Source data:
◆ ◆ ◆
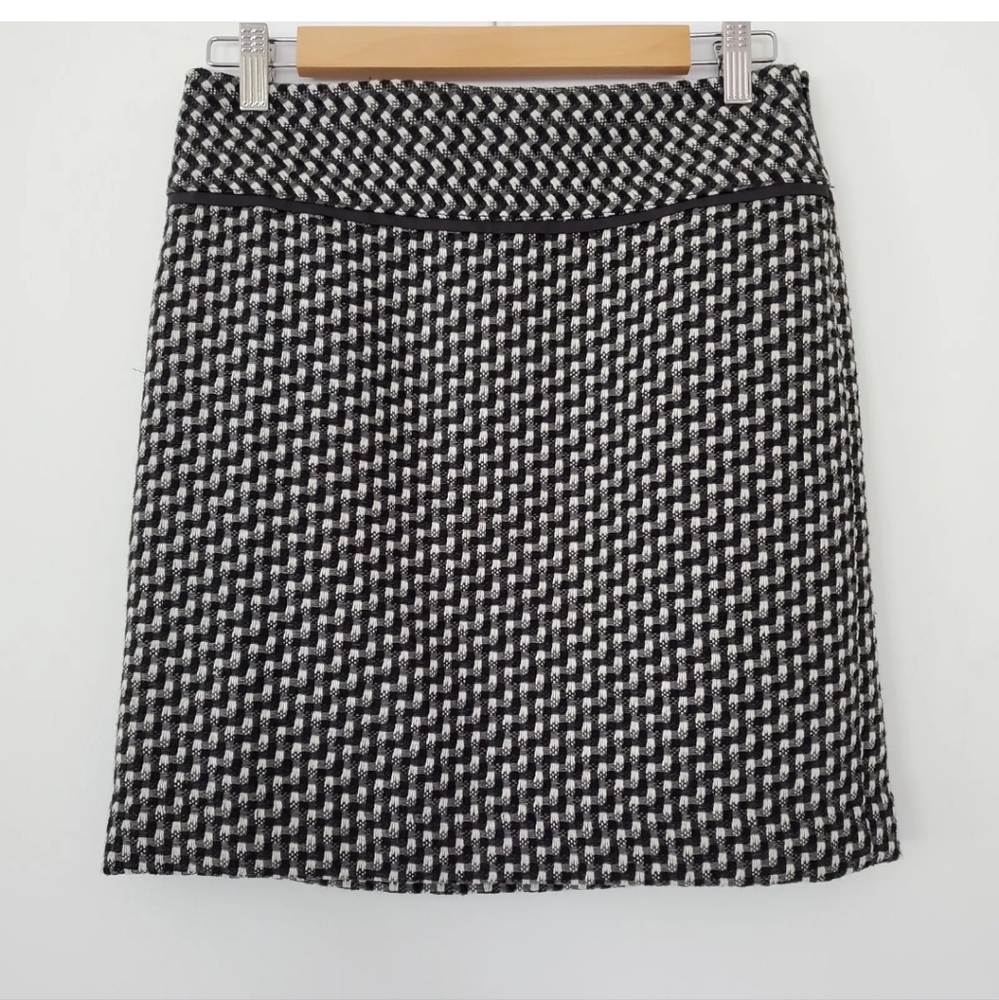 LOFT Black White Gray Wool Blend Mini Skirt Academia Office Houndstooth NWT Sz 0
◆ ◆ ◆
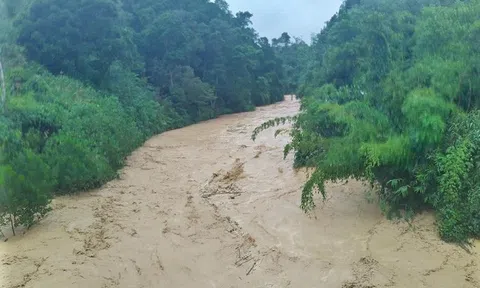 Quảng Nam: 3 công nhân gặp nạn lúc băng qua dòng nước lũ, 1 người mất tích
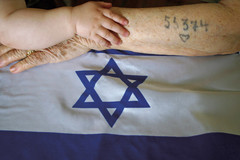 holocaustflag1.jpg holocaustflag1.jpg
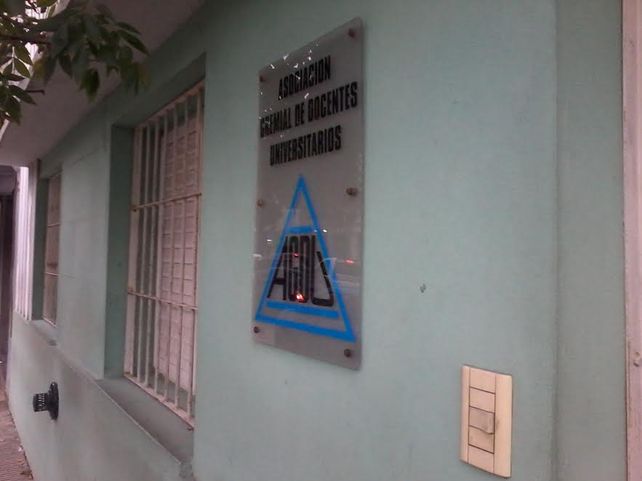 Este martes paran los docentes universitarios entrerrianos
◆ ◆ ◆
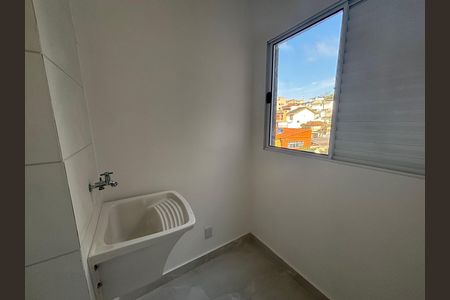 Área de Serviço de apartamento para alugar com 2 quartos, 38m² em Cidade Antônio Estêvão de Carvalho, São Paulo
◆ ◆ ◆
Range to copy from the listing above: the line with "Quảng Nam: 3" through the line with "Este martes paran". Transcribe it exactly and skip the pictures.

Answer space:
 Quảng Nam: 3 công nhân gặp nạn lúc băng qua dòng nước lũ, 1 người mất tích
 holocaustflag1.jpg holocaustflag1.jpg
 Este martes paran los docentes universitarios entrerrianos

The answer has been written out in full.